Input data Start Marker

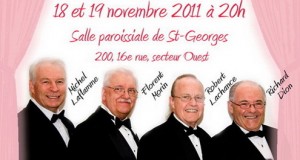EXTRAIT affiche Chanter pour elles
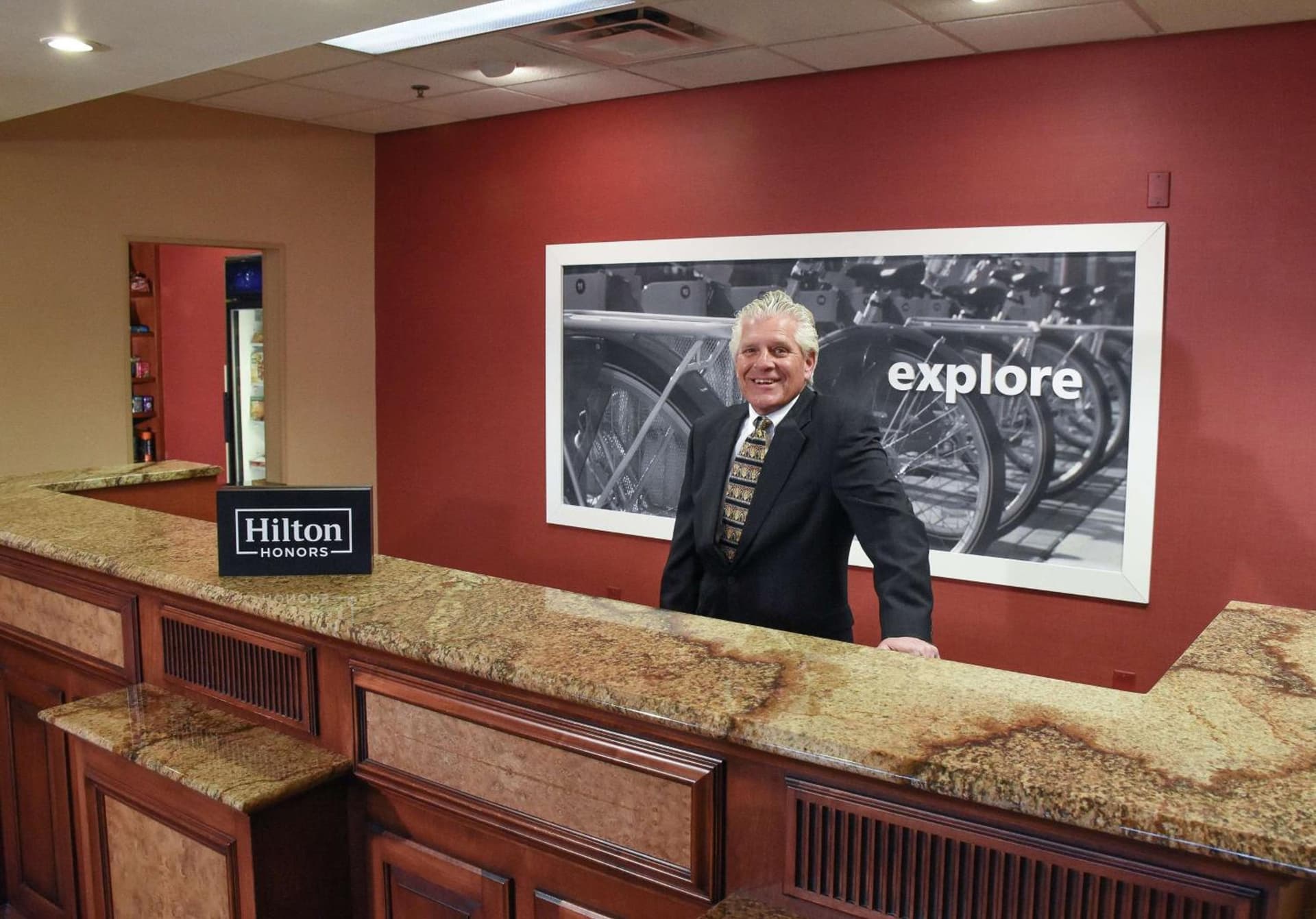 Hampton Inn & Suites Youngstown-Canfield gallery photo in Canfield, OH — image 5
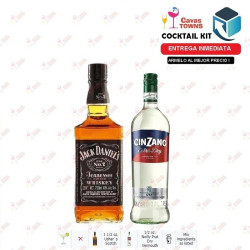 Cocktail Kit Dry Rob Roy Receta Recipe - Cavas Towns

Input data End Marker

All that is needed is the data above, repeated exactly, without the pictures.

EXTRAIT affiche Chanter pour elles
 Hampton Inn & Suites Youngstown-Canfield gallery photo in Canfield, OH — image 5
 Cocktail Kit Dry Rob Roy Receta Recipe - Cavas Towns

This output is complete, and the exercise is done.